The first investigation of spot-scanning proton arc (SPArc) delivery time and accuracy with different delivery tolerance window settings.
Gang LiuLewei ZhaoPeilin LiuRiao DaoYujia QianXiaoda CongGuillaume JanssensXiaoqiang LiXuanfeng DingPublished in: Physics in medicine and biology (2023)
To investigate the impact of various delivery tolerance window settings on the treatment delivery time and dosimetric accuracy of spot-scanning proton arc (SPArc) therapy.

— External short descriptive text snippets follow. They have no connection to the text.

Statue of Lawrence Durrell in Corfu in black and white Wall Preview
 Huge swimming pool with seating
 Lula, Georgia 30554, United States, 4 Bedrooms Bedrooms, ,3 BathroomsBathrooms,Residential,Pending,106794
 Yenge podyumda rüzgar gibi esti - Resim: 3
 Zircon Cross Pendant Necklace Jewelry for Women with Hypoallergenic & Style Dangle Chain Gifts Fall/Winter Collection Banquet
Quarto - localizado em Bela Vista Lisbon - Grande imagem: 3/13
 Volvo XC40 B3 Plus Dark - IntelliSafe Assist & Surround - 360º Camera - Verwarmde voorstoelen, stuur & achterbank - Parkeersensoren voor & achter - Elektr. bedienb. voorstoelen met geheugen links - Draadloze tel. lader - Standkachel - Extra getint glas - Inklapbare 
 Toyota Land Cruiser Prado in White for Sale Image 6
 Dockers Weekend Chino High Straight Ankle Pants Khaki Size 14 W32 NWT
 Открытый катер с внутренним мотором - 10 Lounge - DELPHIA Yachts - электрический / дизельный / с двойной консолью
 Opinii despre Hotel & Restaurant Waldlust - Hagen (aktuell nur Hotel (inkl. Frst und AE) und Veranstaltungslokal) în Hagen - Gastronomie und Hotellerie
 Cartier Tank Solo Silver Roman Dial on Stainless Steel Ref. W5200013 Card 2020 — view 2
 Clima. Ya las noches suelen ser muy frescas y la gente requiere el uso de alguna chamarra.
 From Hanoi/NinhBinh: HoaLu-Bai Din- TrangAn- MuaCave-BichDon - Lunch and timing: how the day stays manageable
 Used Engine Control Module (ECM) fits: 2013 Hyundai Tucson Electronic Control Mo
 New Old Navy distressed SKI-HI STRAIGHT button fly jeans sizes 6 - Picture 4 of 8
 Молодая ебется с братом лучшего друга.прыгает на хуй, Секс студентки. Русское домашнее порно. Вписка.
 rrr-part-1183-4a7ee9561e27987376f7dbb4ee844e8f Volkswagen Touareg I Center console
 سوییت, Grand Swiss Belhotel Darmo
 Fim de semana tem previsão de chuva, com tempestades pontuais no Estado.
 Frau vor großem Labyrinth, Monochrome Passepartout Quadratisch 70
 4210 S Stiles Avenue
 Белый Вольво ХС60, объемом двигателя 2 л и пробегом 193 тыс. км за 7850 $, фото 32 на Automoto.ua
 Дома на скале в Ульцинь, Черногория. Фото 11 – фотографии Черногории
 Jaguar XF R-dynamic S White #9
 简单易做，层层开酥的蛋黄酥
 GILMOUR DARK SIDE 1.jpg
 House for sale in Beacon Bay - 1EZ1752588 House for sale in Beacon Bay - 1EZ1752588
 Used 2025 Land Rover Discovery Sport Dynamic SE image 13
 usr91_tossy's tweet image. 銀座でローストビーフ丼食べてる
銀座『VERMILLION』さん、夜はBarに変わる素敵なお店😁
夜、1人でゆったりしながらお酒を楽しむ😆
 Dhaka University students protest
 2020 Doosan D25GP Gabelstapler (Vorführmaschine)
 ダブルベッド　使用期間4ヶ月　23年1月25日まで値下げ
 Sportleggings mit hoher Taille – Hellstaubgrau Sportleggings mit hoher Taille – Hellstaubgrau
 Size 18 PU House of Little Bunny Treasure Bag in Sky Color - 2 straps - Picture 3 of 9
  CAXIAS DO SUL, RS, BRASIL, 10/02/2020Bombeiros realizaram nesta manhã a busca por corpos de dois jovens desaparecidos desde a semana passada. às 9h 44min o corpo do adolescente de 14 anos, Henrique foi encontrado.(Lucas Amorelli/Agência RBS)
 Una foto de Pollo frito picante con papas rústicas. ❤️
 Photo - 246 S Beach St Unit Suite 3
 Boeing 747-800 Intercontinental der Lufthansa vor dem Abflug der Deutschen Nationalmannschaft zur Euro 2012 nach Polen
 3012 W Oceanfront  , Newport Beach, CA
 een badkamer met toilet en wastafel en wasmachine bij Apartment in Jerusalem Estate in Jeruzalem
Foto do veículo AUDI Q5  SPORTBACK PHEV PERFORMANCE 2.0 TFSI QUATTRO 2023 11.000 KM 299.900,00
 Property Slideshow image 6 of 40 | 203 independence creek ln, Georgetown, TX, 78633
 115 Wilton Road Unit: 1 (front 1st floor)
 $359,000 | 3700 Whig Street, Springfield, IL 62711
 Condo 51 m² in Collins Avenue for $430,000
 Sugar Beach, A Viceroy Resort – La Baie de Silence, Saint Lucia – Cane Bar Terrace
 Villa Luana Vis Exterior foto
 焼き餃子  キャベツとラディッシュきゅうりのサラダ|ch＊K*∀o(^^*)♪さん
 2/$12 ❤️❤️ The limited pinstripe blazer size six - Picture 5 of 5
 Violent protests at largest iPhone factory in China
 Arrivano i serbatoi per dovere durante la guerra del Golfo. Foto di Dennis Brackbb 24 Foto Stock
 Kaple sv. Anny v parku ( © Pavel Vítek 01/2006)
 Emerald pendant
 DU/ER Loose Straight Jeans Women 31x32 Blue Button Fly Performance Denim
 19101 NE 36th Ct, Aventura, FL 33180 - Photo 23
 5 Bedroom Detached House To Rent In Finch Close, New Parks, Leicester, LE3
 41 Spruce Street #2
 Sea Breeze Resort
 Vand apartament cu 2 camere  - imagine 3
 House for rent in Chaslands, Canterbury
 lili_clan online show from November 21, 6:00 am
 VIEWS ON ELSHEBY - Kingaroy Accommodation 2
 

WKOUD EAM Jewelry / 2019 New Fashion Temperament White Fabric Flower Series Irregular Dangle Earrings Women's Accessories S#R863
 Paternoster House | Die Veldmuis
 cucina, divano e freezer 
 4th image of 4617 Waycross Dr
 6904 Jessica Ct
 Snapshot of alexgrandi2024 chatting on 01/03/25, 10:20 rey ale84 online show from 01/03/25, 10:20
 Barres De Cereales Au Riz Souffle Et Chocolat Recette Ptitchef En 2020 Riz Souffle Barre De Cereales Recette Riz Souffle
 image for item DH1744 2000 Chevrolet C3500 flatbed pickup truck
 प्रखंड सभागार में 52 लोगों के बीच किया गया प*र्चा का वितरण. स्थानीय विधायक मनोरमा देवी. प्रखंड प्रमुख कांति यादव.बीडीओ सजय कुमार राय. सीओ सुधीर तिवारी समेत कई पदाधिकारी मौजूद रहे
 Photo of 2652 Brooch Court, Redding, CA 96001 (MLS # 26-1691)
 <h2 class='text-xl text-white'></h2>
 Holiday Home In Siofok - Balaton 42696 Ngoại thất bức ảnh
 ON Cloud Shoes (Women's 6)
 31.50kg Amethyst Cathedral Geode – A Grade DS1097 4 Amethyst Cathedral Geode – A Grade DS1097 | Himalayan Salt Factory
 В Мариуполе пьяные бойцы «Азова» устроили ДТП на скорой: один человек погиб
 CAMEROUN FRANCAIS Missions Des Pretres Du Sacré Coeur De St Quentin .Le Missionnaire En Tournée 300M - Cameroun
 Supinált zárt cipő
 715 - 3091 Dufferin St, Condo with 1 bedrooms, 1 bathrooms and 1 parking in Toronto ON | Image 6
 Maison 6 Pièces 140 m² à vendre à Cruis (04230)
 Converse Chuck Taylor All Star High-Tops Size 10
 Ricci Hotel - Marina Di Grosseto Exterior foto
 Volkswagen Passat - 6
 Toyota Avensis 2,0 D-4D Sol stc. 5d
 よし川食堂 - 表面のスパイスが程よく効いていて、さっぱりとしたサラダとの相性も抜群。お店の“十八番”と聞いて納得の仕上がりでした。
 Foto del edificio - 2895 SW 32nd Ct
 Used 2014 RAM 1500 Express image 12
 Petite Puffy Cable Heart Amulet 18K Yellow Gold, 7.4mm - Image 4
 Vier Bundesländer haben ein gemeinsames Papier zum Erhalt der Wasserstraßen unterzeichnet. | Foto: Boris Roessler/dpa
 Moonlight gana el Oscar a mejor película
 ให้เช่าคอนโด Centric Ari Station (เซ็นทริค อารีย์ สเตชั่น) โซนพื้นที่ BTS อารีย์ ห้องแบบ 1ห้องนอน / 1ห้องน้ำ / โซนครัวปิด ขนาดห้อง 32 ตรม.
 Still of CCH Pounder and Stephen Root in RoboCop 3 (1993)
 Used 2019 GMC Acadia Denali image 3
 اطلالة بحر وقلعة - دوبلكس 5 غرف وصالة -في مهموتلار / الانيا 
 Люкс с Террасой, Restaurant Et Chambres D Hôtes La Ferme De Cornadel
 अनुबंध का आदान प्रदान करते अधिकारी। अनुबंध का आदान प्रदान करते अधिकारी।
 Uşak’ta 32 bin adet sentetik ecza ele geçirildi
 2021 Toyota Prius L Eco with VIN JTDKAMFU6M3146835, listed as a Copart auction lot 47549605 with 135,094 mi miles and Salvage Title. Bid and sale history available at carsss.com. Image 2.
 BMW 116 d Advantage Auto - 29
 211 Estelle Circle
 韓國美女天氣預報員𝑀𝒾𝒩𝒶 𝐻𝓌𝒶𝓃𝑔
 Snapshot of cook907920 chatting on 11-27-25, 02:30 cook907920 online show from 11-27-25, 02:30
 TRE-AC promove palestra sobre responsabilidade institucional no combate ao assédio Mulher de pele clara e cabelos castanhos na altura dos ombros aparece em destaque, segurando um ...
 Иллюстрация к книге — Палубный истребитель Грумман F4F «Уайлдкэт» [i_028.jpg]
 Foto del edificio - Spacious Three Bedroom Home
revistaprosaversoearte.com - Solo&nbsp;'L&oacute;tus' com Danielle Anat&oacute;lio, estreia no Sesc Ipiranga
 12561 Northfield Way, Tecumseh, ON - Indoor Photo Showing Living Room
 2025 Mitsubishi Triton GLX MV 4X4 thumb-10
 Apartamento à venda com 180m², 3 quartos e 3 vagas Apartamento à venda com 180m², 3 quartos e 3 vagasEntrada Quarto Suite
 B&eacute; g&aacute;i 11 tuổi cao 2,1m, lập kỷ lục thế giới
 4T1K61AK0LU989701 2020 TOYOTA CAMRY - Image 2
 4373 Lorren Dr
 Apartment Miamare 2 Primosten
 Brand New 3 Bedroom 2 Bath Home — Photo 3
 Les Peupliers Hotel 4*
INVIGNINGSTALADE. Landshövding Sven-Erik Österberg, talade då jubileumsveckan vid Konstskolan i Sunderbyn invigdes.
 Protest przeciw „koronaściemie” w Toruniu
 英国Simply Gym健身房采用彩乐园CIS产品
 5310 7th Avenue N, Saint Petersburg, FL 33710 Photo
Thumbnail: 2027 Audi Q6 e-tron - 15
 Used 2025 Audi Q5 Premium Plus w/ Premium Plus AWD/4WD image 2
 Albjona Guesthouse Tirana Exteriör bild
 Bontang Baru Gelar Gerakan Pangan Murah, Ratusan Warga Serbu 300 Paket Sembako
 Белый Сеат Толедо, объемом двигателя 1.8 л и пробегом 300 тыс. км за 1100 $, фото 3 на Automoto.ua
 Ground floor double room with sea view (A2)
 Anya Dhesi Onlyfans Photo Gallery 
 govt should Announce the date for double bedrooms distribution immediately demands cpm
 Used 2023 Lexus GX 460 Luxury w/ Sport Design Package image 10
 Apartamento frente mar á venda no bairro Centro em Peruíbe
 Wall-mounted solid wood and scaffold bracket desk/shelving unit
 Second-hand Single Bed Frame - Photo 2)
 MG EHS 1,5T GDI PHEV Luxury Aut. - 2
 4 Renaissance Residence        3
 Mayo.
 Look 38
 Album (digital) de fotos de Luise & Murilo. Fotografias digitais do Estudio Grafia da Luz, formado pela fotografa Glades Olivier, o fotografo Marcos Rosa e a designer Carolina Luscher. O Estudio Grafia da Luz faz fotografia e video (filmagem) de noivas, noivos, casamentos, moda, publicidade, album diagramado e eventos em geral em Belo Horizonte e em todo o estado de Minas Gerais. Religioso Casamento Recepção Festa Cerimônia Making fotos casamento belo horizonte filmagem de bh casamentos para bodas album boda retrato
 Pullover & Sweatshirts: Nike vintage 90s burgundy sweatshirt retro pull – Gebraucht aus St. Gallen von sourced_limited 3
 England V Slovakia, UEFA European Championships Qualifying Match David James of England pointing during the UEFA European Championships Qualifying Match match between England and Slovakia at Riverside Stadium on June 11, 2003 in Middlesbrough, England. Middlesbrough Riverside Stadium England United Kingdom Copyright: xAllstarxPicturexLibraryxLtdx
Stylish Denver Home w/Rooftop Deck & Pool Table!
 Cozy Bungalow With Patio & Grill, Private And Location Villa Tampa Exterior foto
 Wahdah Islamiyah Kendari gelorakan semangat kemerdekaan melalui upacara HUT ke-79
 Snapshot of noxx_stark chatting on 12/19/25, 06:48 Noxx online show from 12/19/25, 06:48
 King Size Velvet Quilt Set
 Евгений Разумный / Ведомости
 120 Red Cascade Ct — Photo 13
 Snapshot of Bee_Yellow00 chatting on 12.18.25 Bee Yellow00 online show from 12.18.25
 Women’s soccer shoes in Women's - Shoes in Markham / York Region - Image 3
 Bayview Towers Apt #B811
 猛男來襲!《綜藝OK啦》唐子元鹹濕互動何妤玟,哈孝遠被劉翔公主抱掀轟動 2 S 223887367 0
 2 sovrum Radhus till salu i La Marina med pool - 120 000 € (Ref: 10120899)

Approach: SPArc plans were generated for three representative disease sites (brain, head neck, and liver cancer) with an angle sampling frequency of 2.5 degrees. An in-house dynamic arc controller was used to simulate the arc treatment delivery with various tolerance windows (±0.25, ±0.5, ±1, and ±1.25 degrees). The controller generates virtual logfiles during the arc delivery simulation, such as gantry speed, acceleration and deceleration, spot position, and delivery sequence, similar to machine logfiles. The virtual logfile was then imported to the treatment planning system (TPS) to reconstruct the delivered dose distribution and compare it to the initial SPArc nominal plan. A three-dimensional gamma index was used to quantitatively assess delivery accuracy. Total treatment delivery time and relative lost time (dynamic arc delivery time - fix beam delivery time)/fix beam delivery time) were reported.
Main Results: The 3D Gamma Passing Rate (GPR) was greater than 99% for all cases when using 3%/3mm and 2%/2mm criteria and the GPR (1%/1mm criteria) degraded as the tolerance window opens. The total delivery time for dynamic arc delivery increased with the decreasing delivery tolerance window length. The average delivery time and the relative lost time (%) were 630±212s (253%±68%), 322±101s (81%±31%), 225±60s (27%±16%), 196±41s (11%±6%), 187±29s (6%±1%) for tolerance windows ±0.25, ±0.5, ±1, and ±1.25 degrees respectively.
Significance: The study quantitatively analyzed the dynamic SPArc delivery time and accuracy with different delivery tolerance window settings, which offer a critical reference in the future SPArc plan optimization and delivery controller design.